* [Assigned task] Reproduce the whole listing exactly, omitting any picture it holds.

* [Dataset excerpt]
********************
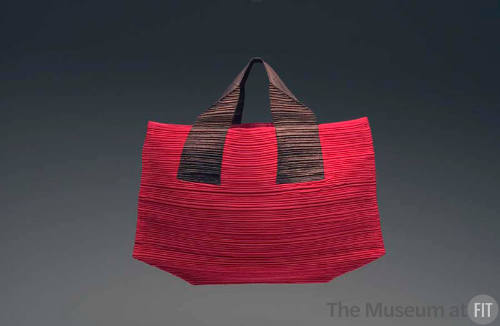 Red tote bag with brown handles, horizontally pleated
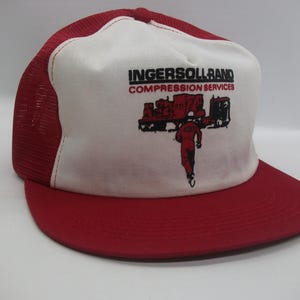 May include: Red and white trucker hat with the text "Ingersoll Rand Compression Services" and a graphic of a person working on a machine.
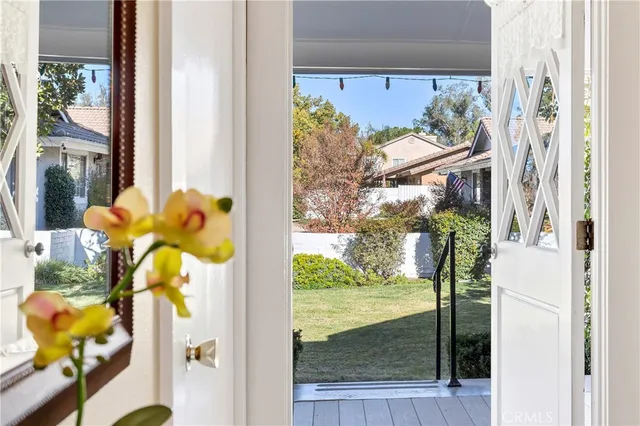 a vase of flowers sitting on a table with a potted plant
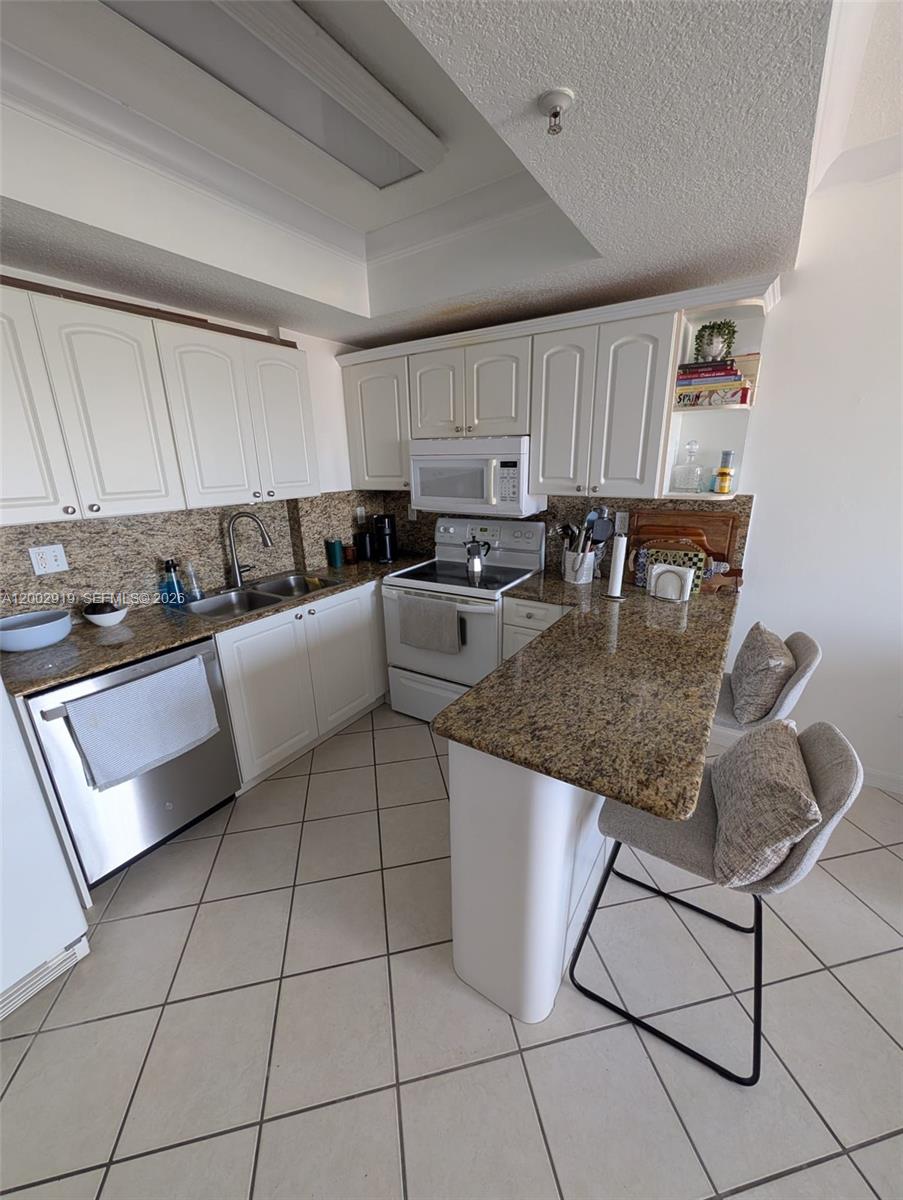 3500 Coral Way, Unit 505 Miami, FL 33145 - Photo 9 of 18 a kitchen with granite countertop a stove a sink dishwasher and a refrigerator with white cabinets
********************
* [Your solution]
 Red tote bag with brown handles, horizontally pleated
 May include: Red and white trucker hat with the text "Ingersoll Rand Compression Services" and a graphic of a person working on a machine.
 a vase of flowers sitting on a table with a potted plant
 3500 Coral Way, Unit 505 Miami, FL 33145 - Photo 9 of 18 a kitchen with granite countertop a stove a sink dishwasher and a refrigerator with white cabinets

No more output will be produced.